A desperate and vain search was made to the southward, during a day of fierce and terrible heat; but on the next day, having made for some small hills they had sighted, they providentially found both water and grass. The whole party rested at this spot, which was gratefully named Mount Welcome.
Nothing daunted by the sufferings he had undergone, Austin now made another attempt to reach Shark’s Bay. On the way to the Murchison, they had induced an old native to come with them to point out the watering-places of the blacks. At first he was able to show them one or two that in all probability they would have missed, but after they had crossed the Murchison and proceeded some distance to the westward, the water the native had relied on was found to have disappeared, and it was only after the most acute sufferings from thirst and the loss of some more horses, that they managed to struggle back to Mount Welcome.
Austin’s conduct during these terrible marches seems to have bordered on the heroic.

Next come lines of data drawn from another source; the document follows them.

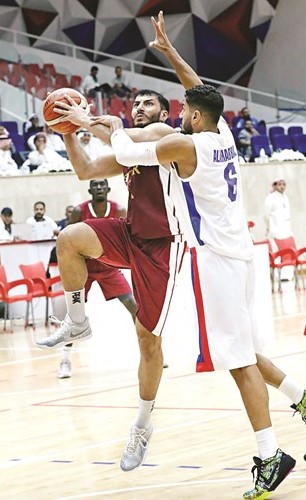 حسين الخباز واصل تميزه مع الأزرق﻿
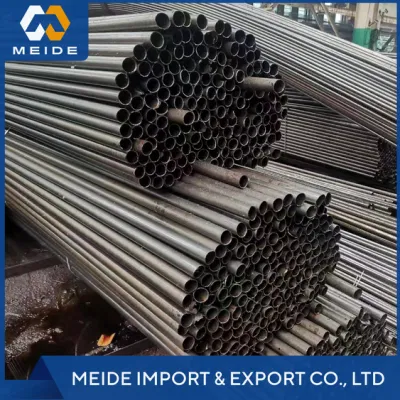 En10216 En10305-1 E355 E235 St52 A210 42CrMo4 4140 High Precision Cold Rolled Seamless Steel Alloy Pipe H8 Honed Tube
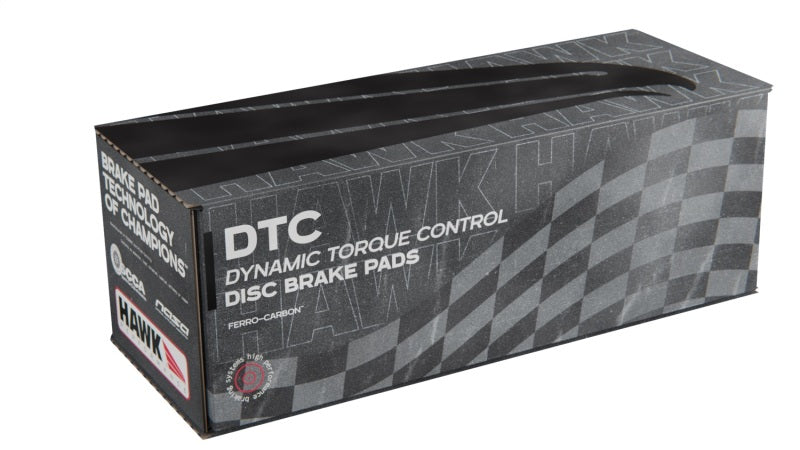 Hawk Performance DTC-70 Motorsports Brake Pads DR 98 For TA2 Caliper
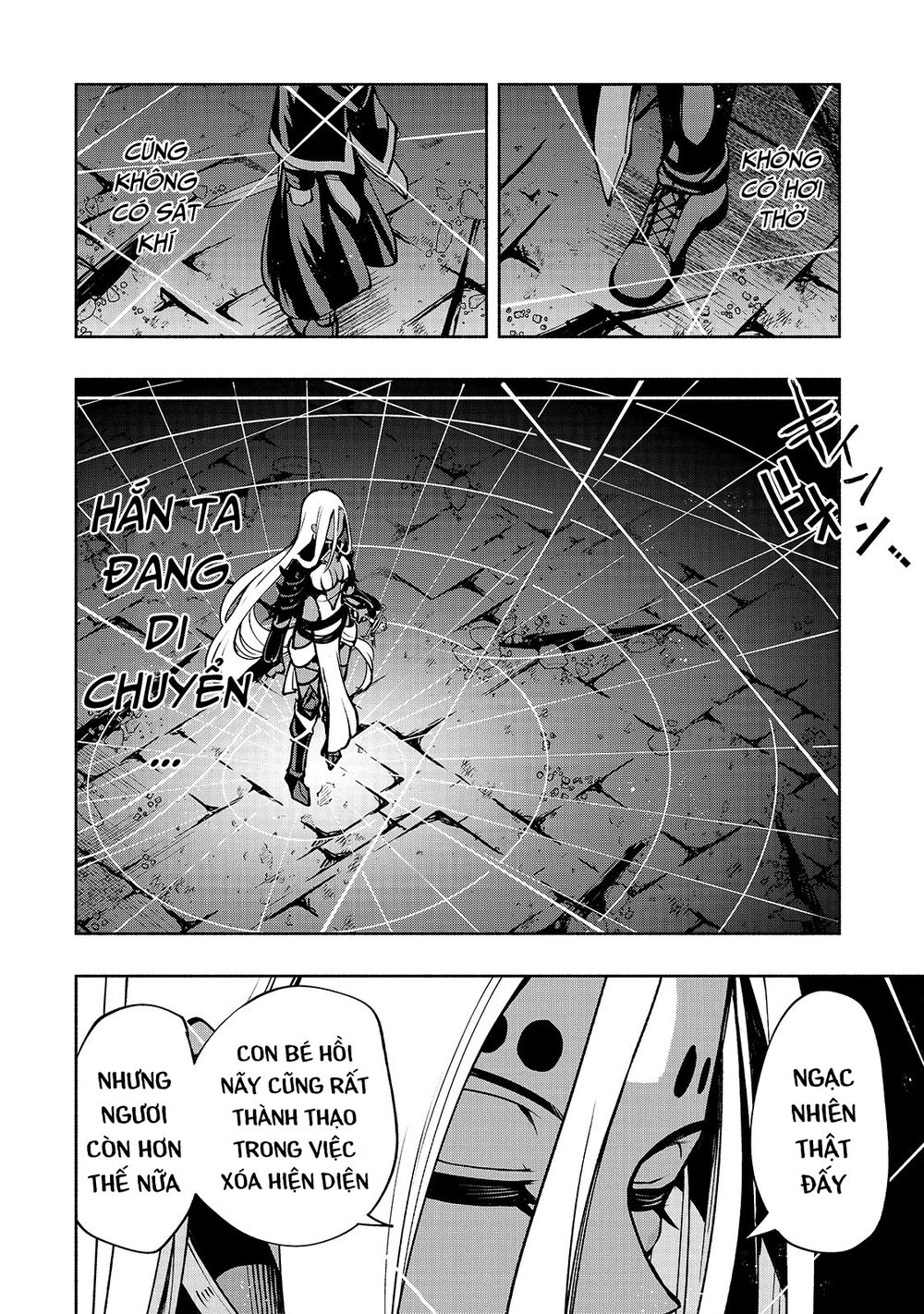 kongou banchou chapter 15 15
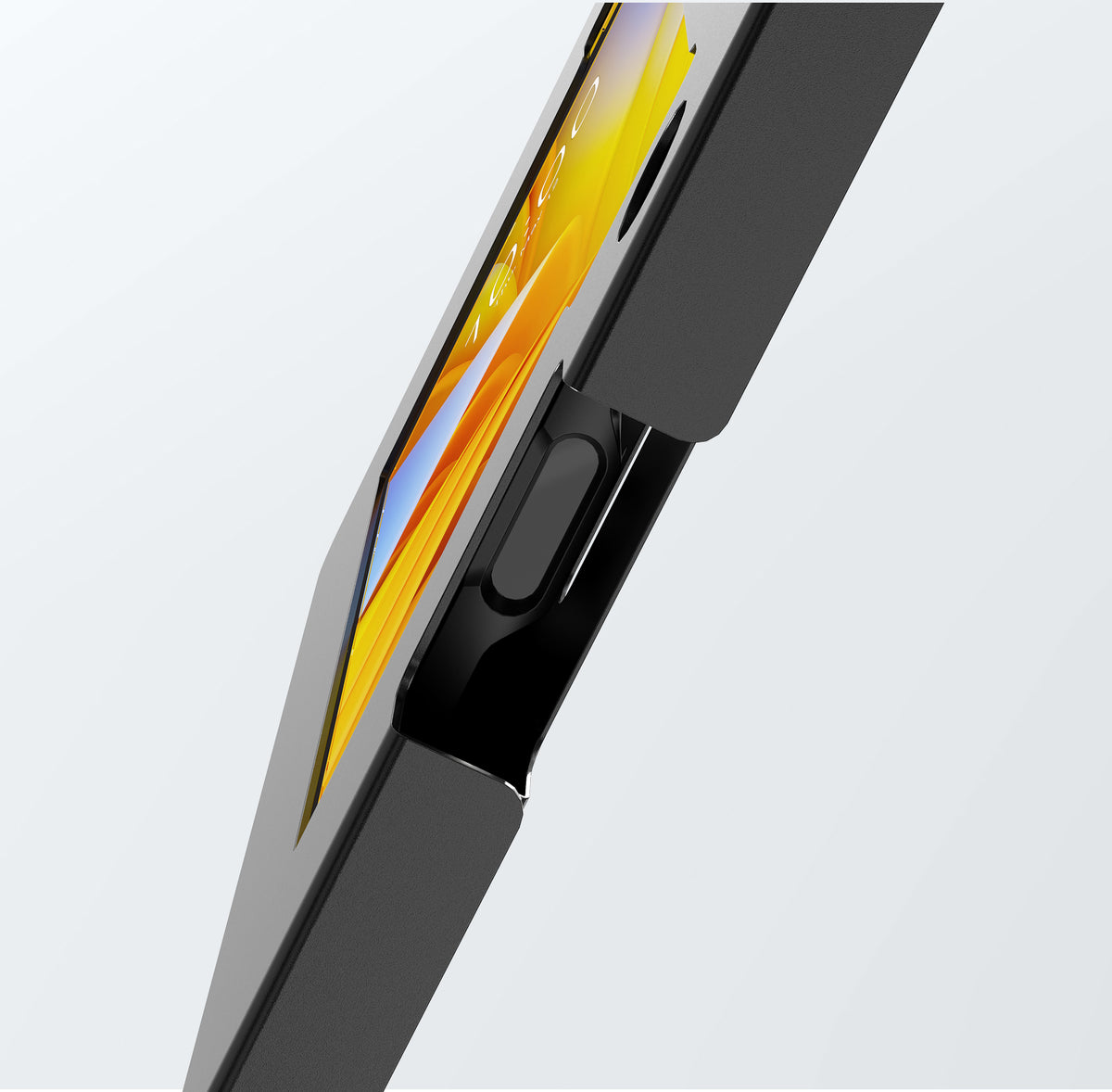 Premium Locking Security Enclosure for the Zebra ET40/45 Tablet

Whilst his companions fell away one by one and lay down to die, and the one native of the wilds was cowering weeping under a bush, he toiled on and managed to reach a little well which the blackfellow had formerly shown him. Without resting, he tramped back with water to revive his exhausted companions.
At Mount Welcome they found the water on the point of giving out, and weak and exhausted though they were, an immediate start had to be made to the Geraldine mine, a small settlement having been formed there to work the galena lode discovered by Gregory. That they would ever reach the mine the explorers could not hope; they and their horses were in a state of extreme weakness, the distance to the mine was one hundred and sixty miles, and to the highest point on the Murchison, where Gregory had found water, their first stage was ninety miles. They began their journey at midnight, and by means of forced marches, travelling day and night, they reached Gregory’s old camp on the river. Fortunately they had found a small supply of water at one place on the way. From this point the worst of their perils were passed. They followed the river down, obtaining water from springs in the banks, and on the 27th of November arrived at the mine, where they were warmly entertained. Thence they returned to Perth, some by sea and some overland.